- Exercise objective -
Copy out every line of the data exactly; do not include the images.

- Supplied data -

::::

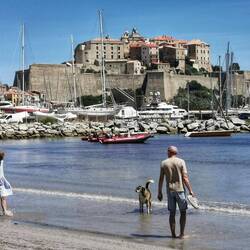 Calvi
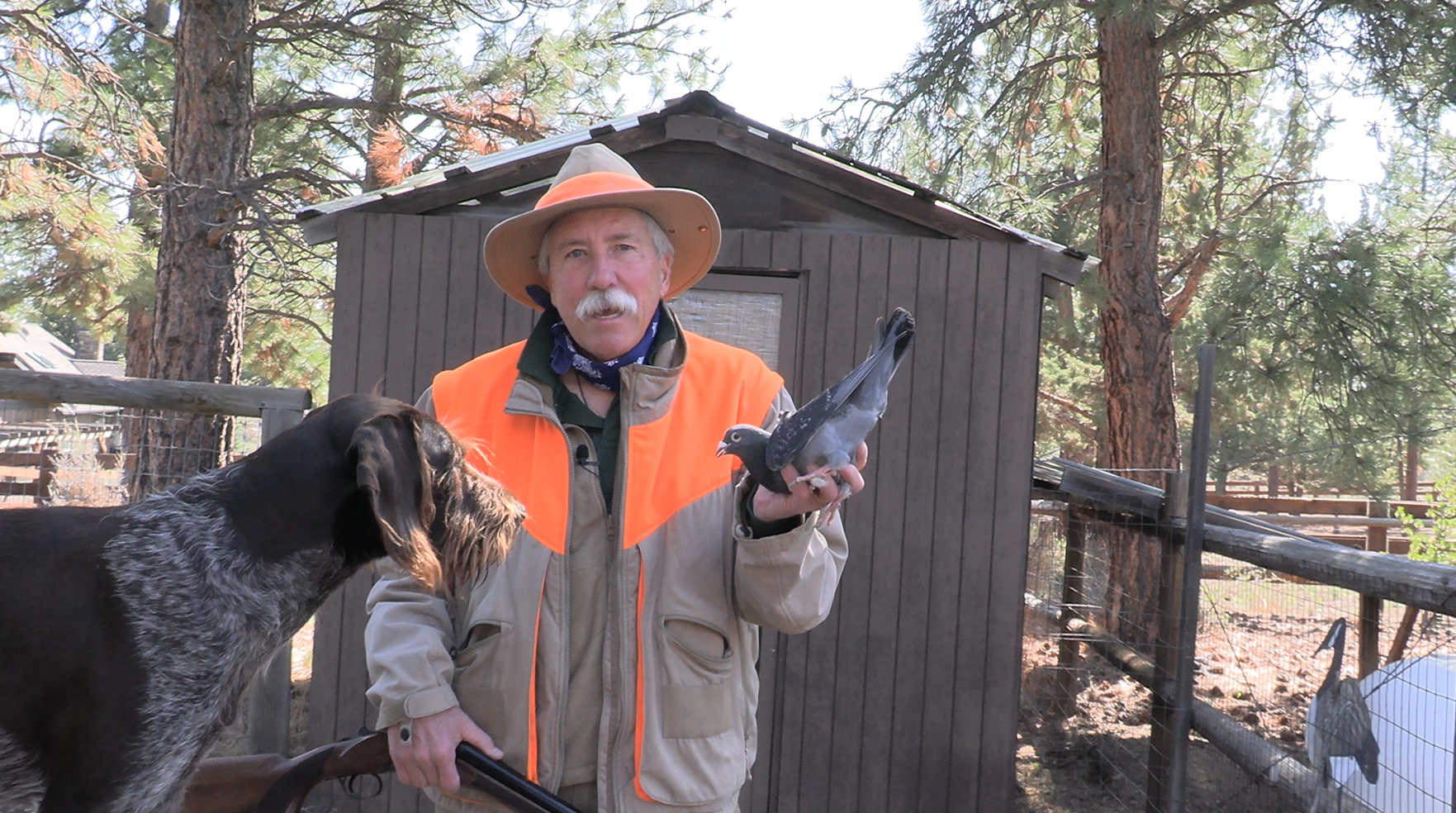 Image relating to How to Introduce Your Hunting Dog to Gunfire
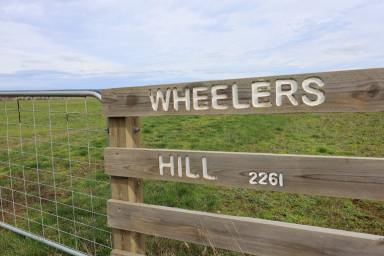 Farm Sold - VIC - Heywood - 3304 - ‘Wheelers Hill’  (Image 2)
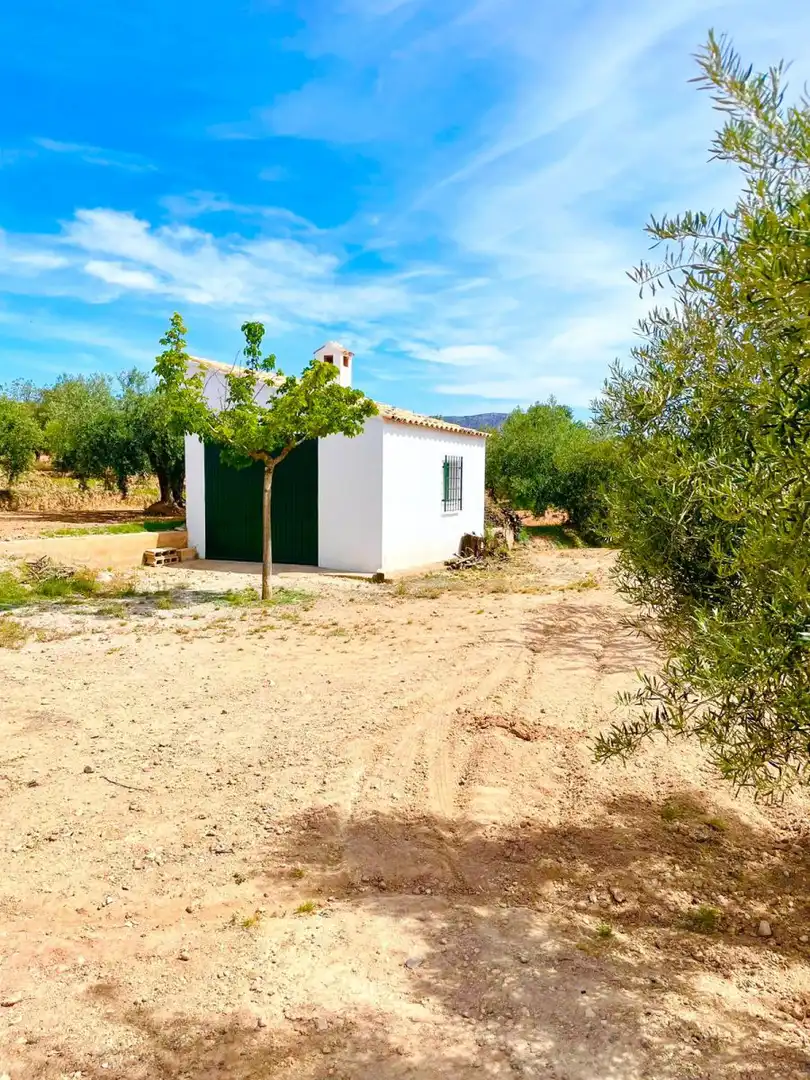 Terreny residencial en venda a Vélez-Rubio, imagen 2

::::

- Written answer -
 Calvi
 Image relating to How to Introduce Your Hunting Dog to Gunfire
 Farm Sold - VIC - Heywood - 3304 - ‘Wheelers Hill’  (Image 2)
 Terreny residencial en venda a Vélez-Rubio, imagen 2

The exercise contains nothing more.